* [DATA EXCERPTS]
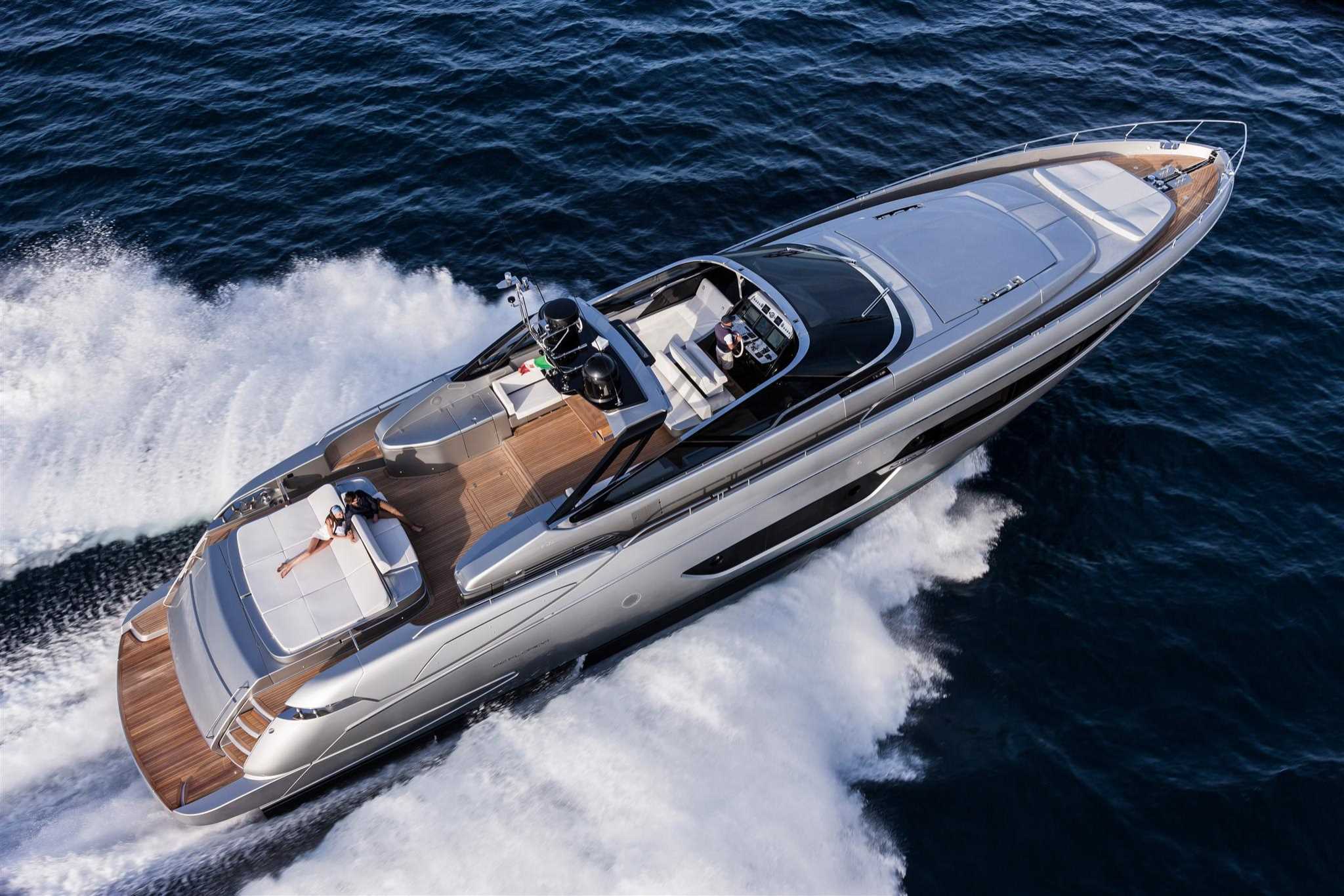 A man and woman on a speedy ride, a white and brown Riva yacht Florida 88, creating a trail of splashes in its wake.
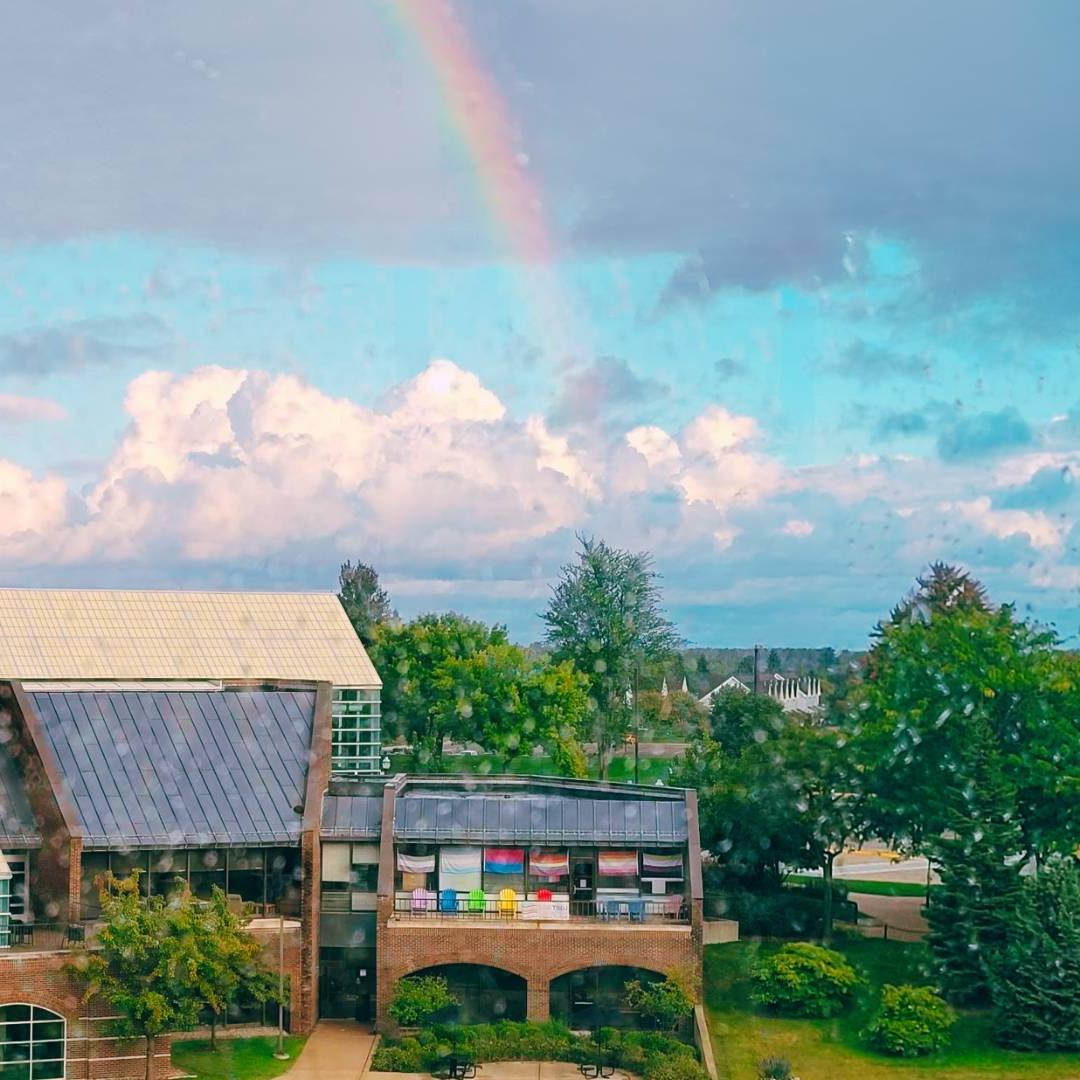 The LGBT Resource patio from across the Zumberge pond with a rainbow in the background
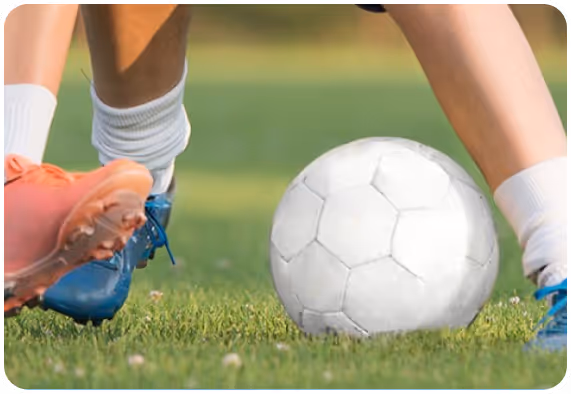A foot of a person near the white soccer ball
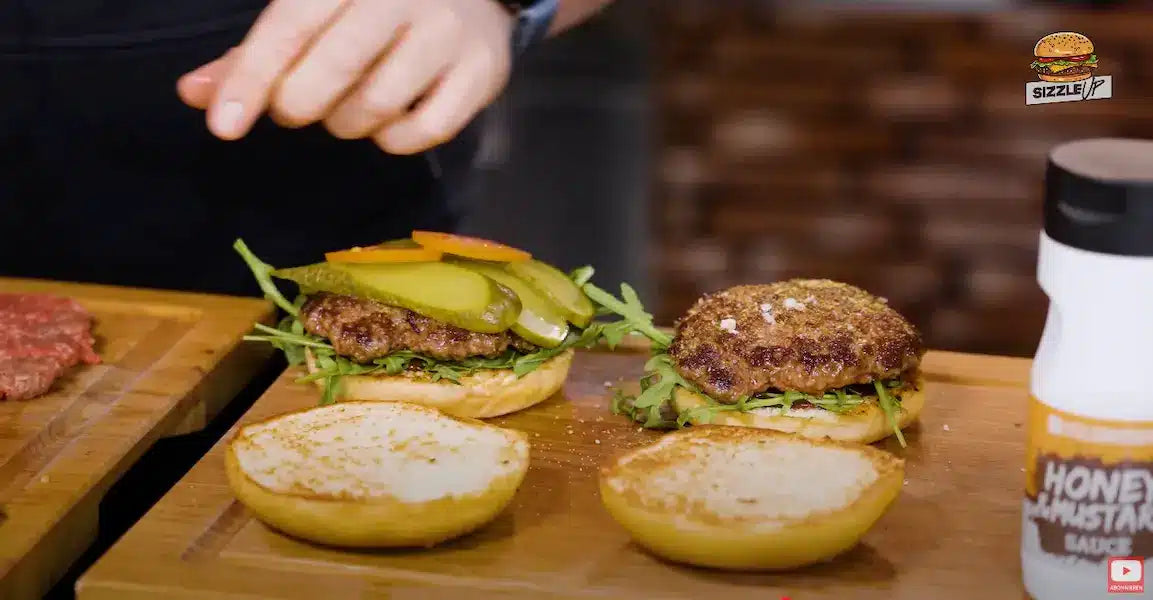 Burgerbrötchen für Ziegenkäse Burger mit BBQ-Sauce, Rucola Rindfleisch-Pattie und Gewürzgurke belegen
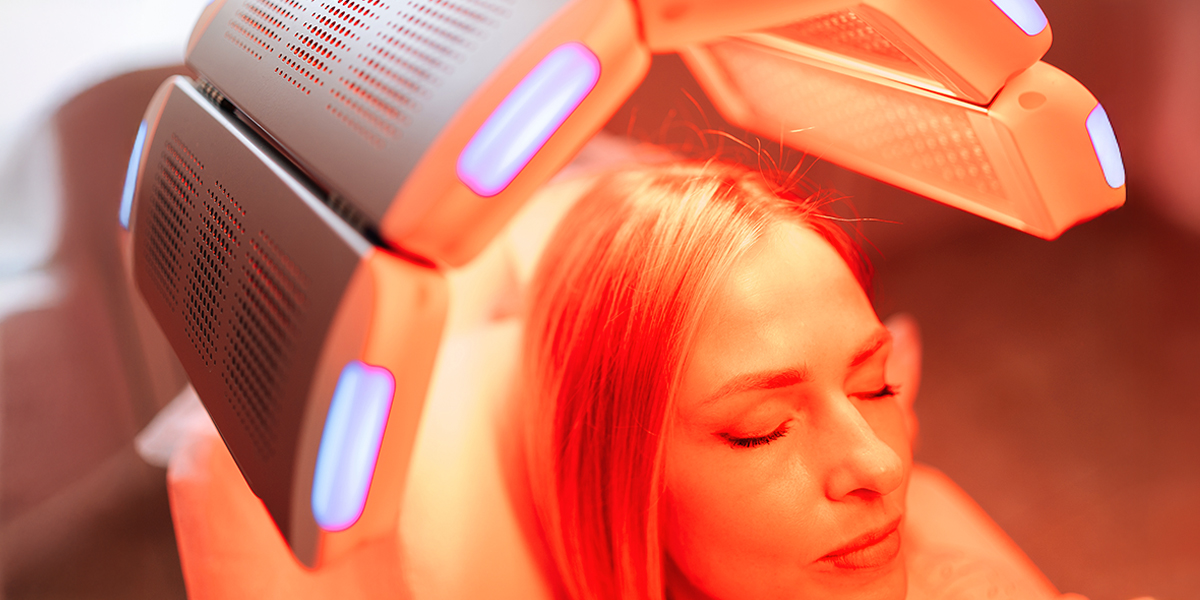 Person using a red light therapy device for their hair and scalp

* [PROMPT] A word-for-word copy of the entries above is needed, with every picture dropped.

* [YOUR SOLUTION]
 A man and woman on a speedy ride, a white and brown Riva yacht Florida 88, creating a trail of splashes in its wake.
 The LGBT Resource patio from across the Zumberge pond with a rainbow in the background
A foot of a person near the white soccer ball
 Burgerbrötchen für Ziegenkäse Burger mit BBQ-Sauce, Rucola Rindfleisch-Pattie und Gewürzgurke belegen
 Person using a red light therapy device for their hair and scalp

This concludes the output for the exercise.